DO NOT envy Brazil’s monetary policymakers. The economy is faltering. With business confidence plumbing record depths, unemployment up and real wages down—by 3% year-on-year in March, the most in more than a decade—demand remains fragile. Supermarket sales fell by 2.6% last month, compared with the previous one. Output will probably contract by at least 1% this year. Yet with prices rising at the fastest rate since 2003, the central bank’s rate-setters had little choice when they met on April 29th but to raise interest rates by another half a percentage point, to 13.25%.
If Brazil is fortunate, the painful rate hike could leave policy-makers with a bit more room to manoeuvre when they next convene in June. One source of inflationary pressure is easing: the real has rebounded by more than 10% against the dollar since its 12-year trough six weeks ago. This, notes Alberto Ramos of Goldman Sachs, an investment bank, mainly reflects the prospect that the Federal Reserve will keep its own rates rock-bottom for a while longer, given the recent underwhelming performance of the American economy. But it also illustrates the markets’ belief that the wily finance minister, Joaquim Levy, will manage to keep his pledge and turn a primary budget deficit (excluding interest payments) of 0.6% in 2014 into a surplus of 1.2% this year.
This faith was shaken on April 30th, when official figures showed that in March the government managed to set aside a piffling 239m reais ($79m) to pay creditors; analysts had been expecting something closer to 5 billion reais. Meanwhile, the total public-sector deficit ballooned to 7.8% of GDP, inflated by a 34.5 billion reais monthly loss stemming from the central bank’s currency-swap programme.

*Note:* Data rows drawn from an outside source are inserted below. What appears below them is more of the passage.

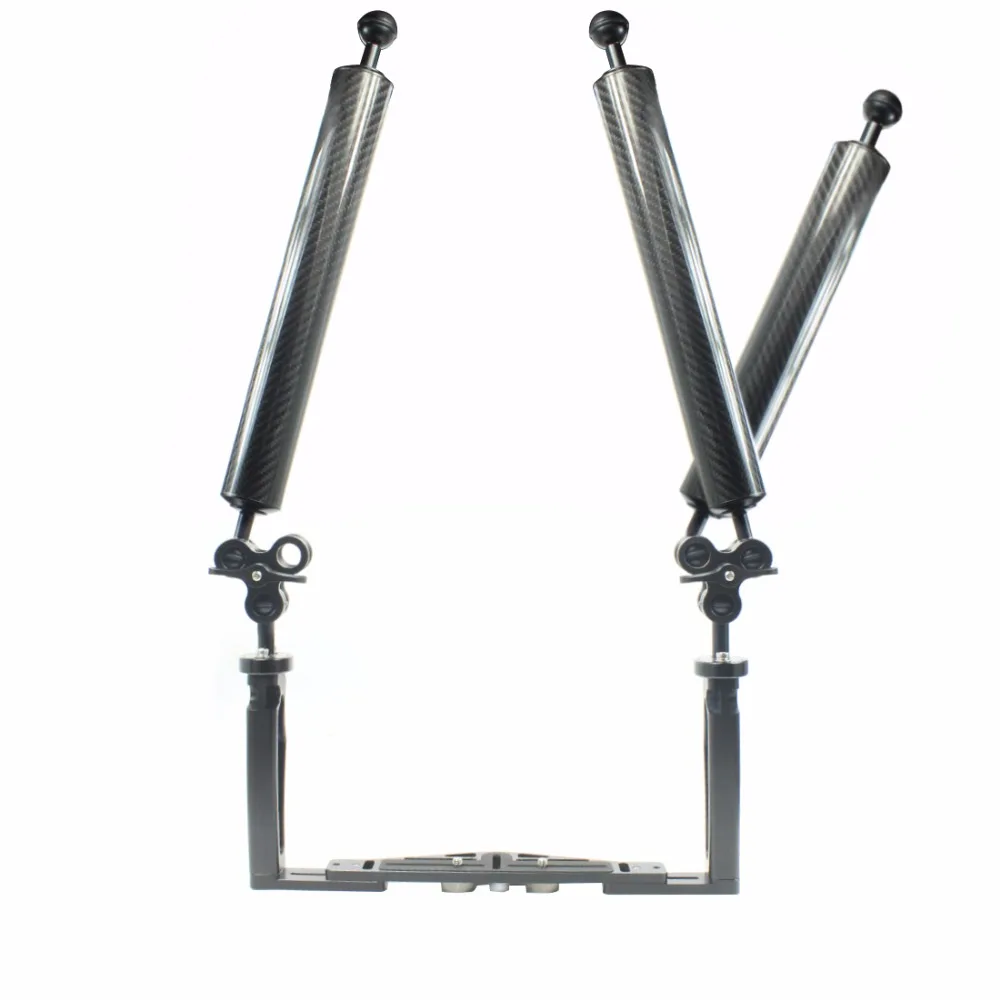 Tauchen DSLR Kamera käfig Dual Handheld Tray Halterung Buttery Clip Kohle faser Verlängerung sarm schwimmende Stativ halterung für Gopro 13 – Detail 37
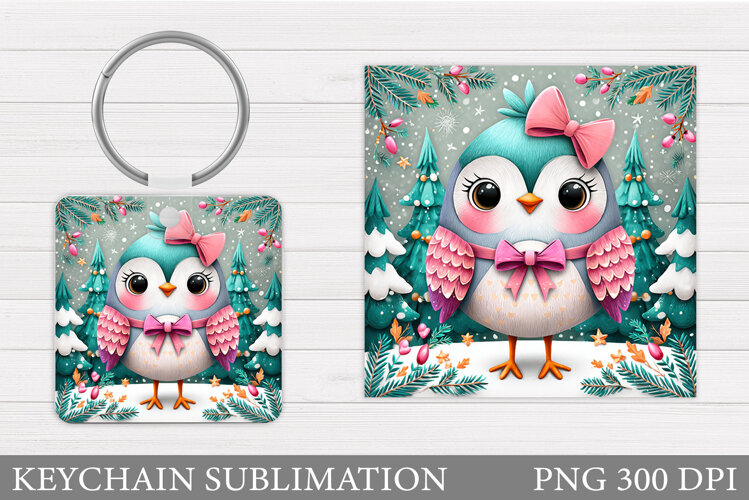 Christmas Bird Keychain. Christmas Keychain Sublimation example image 1
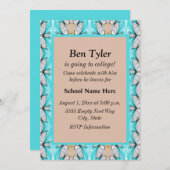 Invitation Tan bleu Abstrait à l'Invitation de l'université (Devant / Derrière)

The economic slowdown also appears to be hurting the government’s tax take.
In contrast to the central bankers, then, Mr Levy’s life is getting harder. Making it more complicated still is a recent change to the way GDP is calculated. The new methodology, introduced earlier this year, brought Brazil into line with international standards (for instance by treating R&D spending as investment, not a cost). It gave output an arithmetical boost: in 2014 the economy’s size was 5.84 trillion reais, nearly 6% bigger than previously reckoned. Brazil’s ratio of gross government debt to GDP dipped, from 64% to 62%, thanks to a bigger denominator. The same logic, however, means that Mr Levy now needs to find an extra 3.8 billion reais in order to meet his primary-surplus promise.
With (modest) entitlement reform stuck in Congress, the axe has predictably fallen on investment: nearly 40% was lopped off the government’s flagship “Growth Acceleration Programme” of infrastructure works in the first quarter, compared with the same period last year. Such discretionary-spending cuts are easiest to administer. They are also the most detrimental to the Brazilian economy’s long-term health.